I'm certainly not going to start digging a grave for Randolph's career. The Spurs are a team that has 100% had his number since he wiped them from the face of the earth in 2011. They were old and banged up and he made them look ancient and broken, like the Big Three era was in need of a good arson. Since then, the Grizzlies haven't beaten the Spurs in San Antonio, and Randolph hasn't looked good against them once.
So matchup has a lot to do with it...
...But. There's always a but. This was a phenominally bad performace against a team the Grizzlies needed Z-Bo to be present for. Too many of those, and all these lingering, nagging questions are going to turn into persistent howls of "do something" and the Z-Bo era of Grizzlies hoops is going to be over, before we've even had time to stop and think about how much he—and this whole Grizzlies core group—has meant to our city. If he's really declining, this is probably what it's going to start to look like on a regular basis. We'll know soon enough.
The other issue at play here is execution. The Grizzlies had 14 turnovers tonight, which was actually one fewer than the Spurs, but it seemed like every one of them came at the worst possible time, when the Griz were poised to take another big bite out of San Antonio's shrinking lead, killing the momentum of whatever frantic comeback was in progress. The team just doesn't look good yet. There's a level of comfort and crispness that's missing from the way they're executing sets on offense, no doubt due to the fact that this was the first real game they've ever played with Dave Joerger as head coach.
It's something that'll take time to get straightened out, but it's definitely worth keeping an eye on as the season gets underway: is the team able to go out and execute and play smart, or are they constantly going to have to try to recover from 7-point quarters? Are they going to be able to assert their scheme and their offensive will on other teams, or is everything going to be an "effort" play on the second or third attempt of each possession? If it's the latter, it's going to be a long year.

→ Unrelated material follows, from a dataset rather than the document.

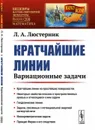 Кратчайшие линии: Вариационные задачи  - Люстерник Л.А.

Other storylines of the night were probably smaller. Ed Davis played 8 minutes and didn't do too well, and Jon Leuer played almost 10 and did a little bit better, only making one basket but making all manner of hustle plays that helped the Grizzlies close the gap they'd created for themselves. Unsung hero of the night was probably Kosta Koufos, with 7 points and 3 rebounds in 14 minutes and also a good job holding down the fort for the Grizzlies' interior game while Marc Gasol was on the bench. Seeing a legitimate starting-caliber center on the floor while Gasol is out is going to take some getting used to, but I think I'm going to like it.
All in all, the night could've gone better for the Grizzlies. The second quarter was abysmal, to the point that the more panic-prone sectors of Griz Twitter were starting to wonder if the entirety of the Joerger Era was a bad idea, stumbling out of the blocks never to regain its form, but the Grizzlies came out and fought, and fought hard, and even though they ran out of steam towards the end, the fact that they came out and almost caught back up to the Spurs says a lot about the heart of this year's Grizzlies—something that was being questioned a bit after the two blowout preseason losses. In the heart department, the Grizzlies are doing just fine.